This is a good article on historical bubbles and recessions.

"The next bubble: Priming the markets for tomorrow's big crash" by Eric Janszen (Harper's Magazine)

from the article

"Our economy is in serious trouble. Both the production-consumption sector and the FIRE sector know that a debt-deflation Armageddon is nigh, and both are praying for a timely miracle, a new bubble to keep the economy from slipping into a depression. "

His FIRE is not the same as the FIRE here.
 
On average... I would say yes, wait.... but it depends on where you live and what you want...

But, if a good deal come along... take it... that is what I am doing... put a bid on a house that is a good amount below market... and our market was not much of a bubble... just that there is a 'slowdown' in buying...

I expect to take a hit on my house when (and if) I sell, but the 'net' will be worth it...

When I bought my current house, it was during the S&L crisis bubble... and I bought.... well, the market kept going down and someone bought a house like mine for about 10% less (but only $6K).... but that was a year later and I would say not quite as nice (mine had been 'updated' to sell)... so, like any purchase, you can hope to time it right and get the bottom, OR buy when it looks real good and accept that you might not have got 'the best price'...
 
Thanks for the article. His thought of 2013 for a housing bottom could be correct, who knows. The best part of the article for me was that Eric could be onto something, new bubbles forming in alternate energy and infrastructure rebuilding sound like reasonable propositions.
 
I read this article when it showed up on the newsstand. Eric Janszen is an interesting and intelligent guy. His Dad invented and marketed the excellent Janszen Electrostatic Speakers that were popular premium high fidelity items in the 70s.

I like this quote: FIRE is a credit-financed, asset-price-inflation machine organized around one tenet: that the value of one’s assets, which used to fluctuate in response to the business cycle and the financial markets, now goes in only one direction, up, with no more than occasional short-term reversals. With FIRE leading the way, the United States, free of the international gold standard’s limitations, now had great flexibility to finance its deficits with its own currency.

If this is true,and I believe that it is, it means that Americans with money or access to credit are coming to the same conclusion that those in Latin America, Southern Europe and many other less stable economies came to long ago: you have to own assets if you want to survive.

This is much easier for the rich, who can live well with very low cash returns, and weather downturns without coughing up assets.
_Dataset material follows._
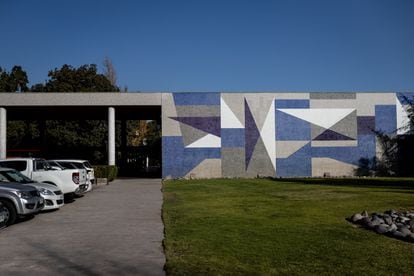 Fachada del Colegio San Ignacio El Bosque, en Santiago.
It is very difficult for the ordinary conscientious worker-saver who feels frightened by the risk and variability involved (and rightfully so), so either does not participate fully in asset inflations, or tends to get there just in time for the bust.

IMO the proper mental image is not of stacking bricks slowly and methodically in a pile to provide for your old age. More like hopping across a stream on slippery stones-each step risky but you have to keep moving anyway.

Here is another great quote, this time from an anonymous writer during the South Seas Bubble:

“One added to one, by any rules of vulgar arithmetic, will never make three and a half; consequently, all the fictitious value must be a loss to some persons or other, first or last. The only way to prevent it to oneself must be to sell out betimes, and so let the Devil take the hindmost.”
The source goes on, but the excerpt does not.